In collaboration with the Boston Women’s Heritage Trail, we have created a program of readings drawn from the journals, letters, books, and interviews by some of the women who lived at and visited Brook Farm. We have presented The Women of Brook at the Brook Farm Historic Site, the Loring-Greenough House and Jamaica Plain Public Library in Jamaica Plain, and the Theodore Parker Unitarian Universalist Church in West Roxbury. Through a grant from MassHumanities, we presented at the Cambridge Public Library on November 4, 2018 and at the Rozzie Square Theater in Roslindale, MA on March 9, 2019. Both presentations were followed by a community discussion.
The Progressive Status of Women at Brook Farm
Brook Farm was one of many such “communes” of that era, based on egalitarian principals and promising through its constitution that “all rights, privileges, guarantees, and obligations of members…shall be understood to belong equally to both sexes.” This was not fully realized (for example, Nathaniel Hawthorne was excused from milking cows in order to spend more time on his writing, while no women was excused from her menial labor). However, women and men received equal pay for their work, and women could be shareholders. While most of the labor divided on traditional gender lines, women worked in the fields during planting and harvest, and men could be found doing the laundry and washing dishes. It was said that during the frequent dances, clothespins would drop out of the men’s pockets. All labor was thought to be dignified.
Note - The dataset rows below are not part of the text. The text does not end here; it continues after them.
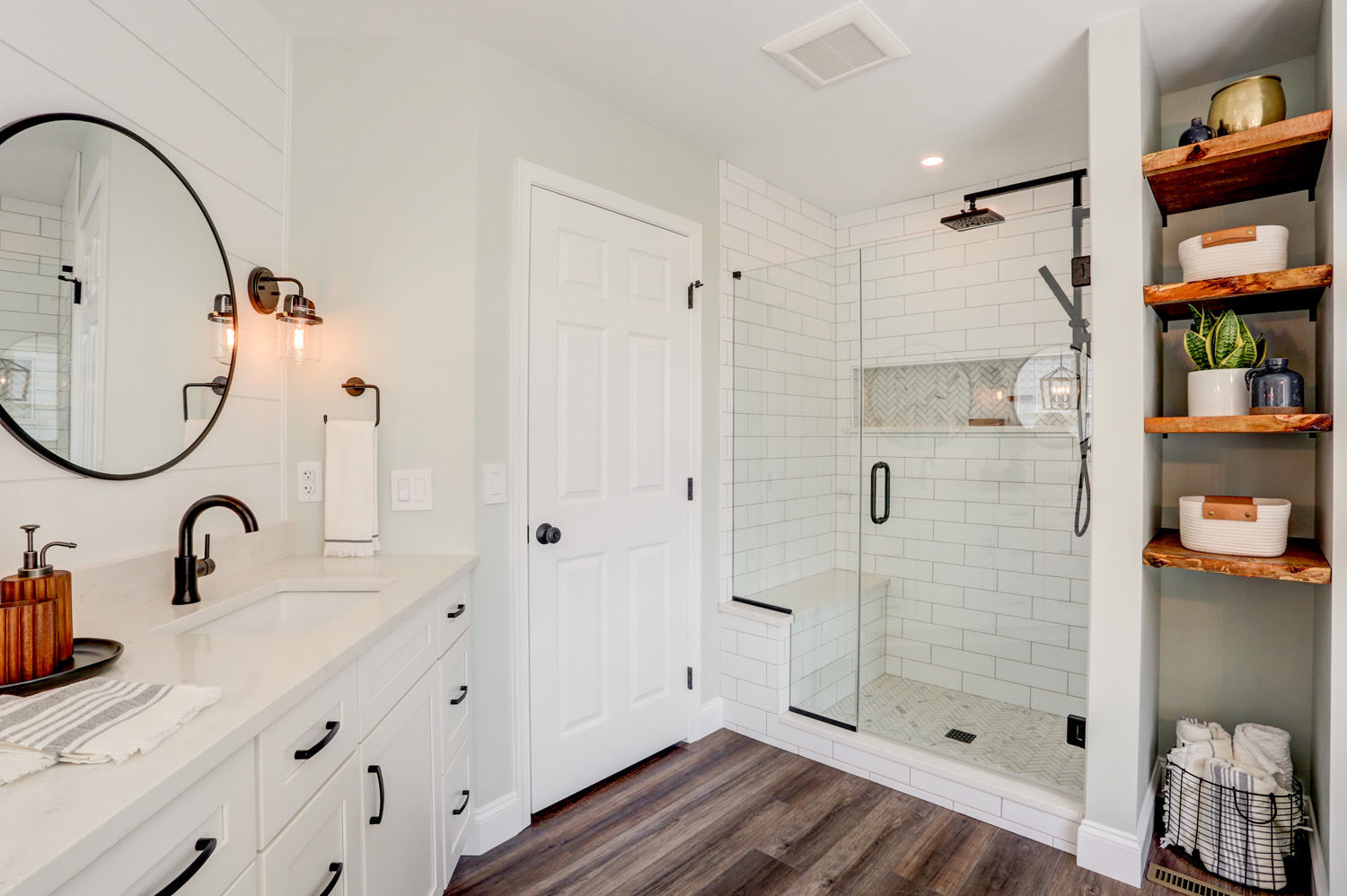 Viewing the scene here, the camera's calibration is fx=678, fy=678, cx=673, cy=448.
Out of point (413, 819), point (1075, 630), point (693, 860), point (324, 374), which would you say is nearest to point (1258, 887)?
point (1075, 630)

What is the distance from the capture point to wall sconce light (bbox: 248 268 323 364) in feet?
6.36

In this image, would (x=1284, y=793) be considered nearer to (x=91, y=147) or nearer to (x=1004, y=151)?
(x=1004, y=151)

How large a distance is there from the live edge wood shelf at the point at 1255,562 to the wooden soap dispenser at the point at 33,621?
2482 millimetres

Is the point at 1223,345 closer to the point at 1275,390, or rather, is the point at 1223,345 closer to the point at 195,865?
the point at 1275,390

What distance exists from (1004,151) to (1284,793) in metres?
2.52

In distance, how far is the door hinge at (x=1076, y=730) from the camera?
7.51 feet

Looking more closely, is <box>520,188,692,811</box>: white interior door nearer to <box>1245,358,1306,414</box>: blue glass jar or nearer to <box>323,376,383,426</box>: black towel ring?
<box>323,376,383,426</box>: black towel ring

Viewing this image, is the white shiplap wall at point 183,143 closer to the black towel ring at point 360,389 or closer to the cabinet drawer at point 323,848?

Brook Farm women were among the first to wear pantaloons (or bloomers) for work.
Women especially found opportunities at Brook Farm for personal growth and development that were rarely available to them anywhere else in American society before the Civil War. While Brook Farmer Charles Dana may have been exaggerating when he claimed that Brook Farmers had “abolished domestic servitude,” no accounts by women have survived in which domestic responsibilities in the community are spoken of disparagingly. This is unique among the New England communities of the time.
The key reason seems to be that most Brook Farm women were single. There were only four married couples out of 70 living there in 1844. And most of the single women were young, between the ages of 16 and 22. They had chosen to be there, enjoyed the many educational, cultural and social opportunities available at the commune and in nearby Boston, and could leave whenever they wished. As Alexis de Tocqueville observed in the 1830s, single women in America were afforded considerable freedom, while married women were “confined within the narrow circle of domestic life, and their situation is in some respects one of extreme dependence.”